◆ Exercise
The answer must be only the lines below from the one holding "Visite d'entreprise : Michele" down to the one holding "drMinnick PSN Avatar", ends included, printed exactly; please omit all pictures.

◆ Data supplied
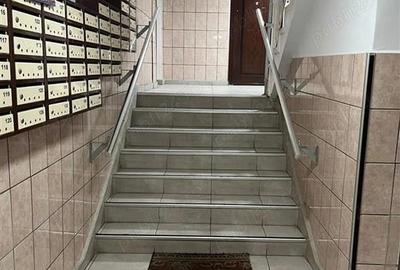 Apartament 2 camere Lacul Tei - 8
...
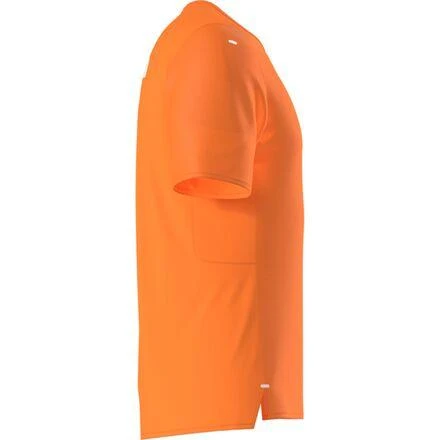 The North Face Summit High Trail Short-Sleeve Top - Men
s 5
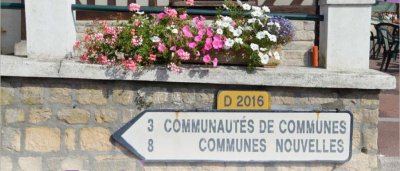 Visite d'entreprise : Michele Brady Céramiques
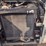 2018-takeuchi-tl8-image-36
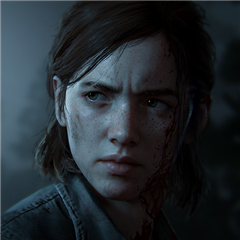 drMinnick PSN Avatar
...
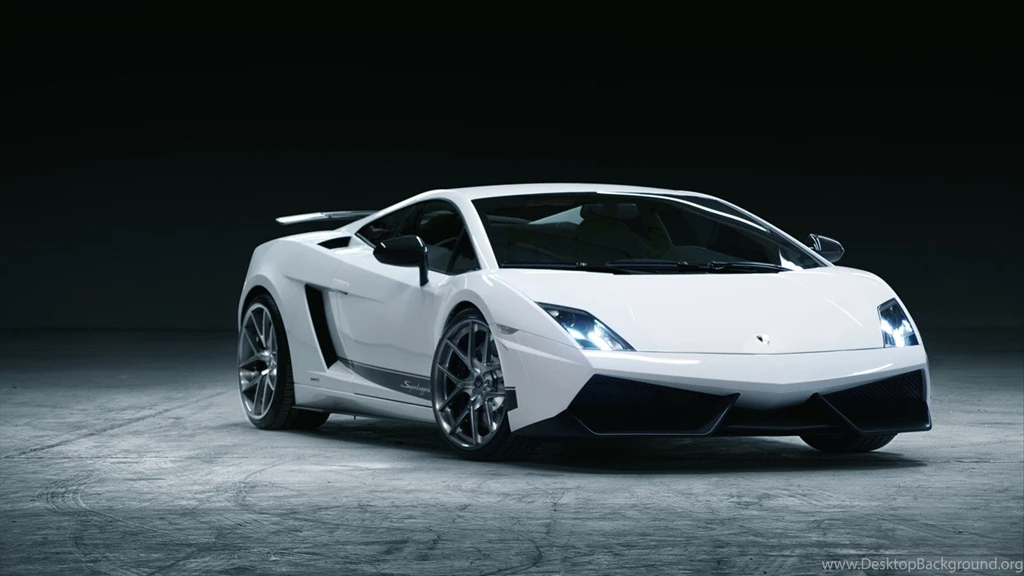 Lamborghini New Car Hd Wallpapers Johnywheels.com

◆ Answer section
 Visite d'entreprise : Michele Brady Céramiques
 2018-takeuchi-tl8-image-36
 drMinnick PSN Avatar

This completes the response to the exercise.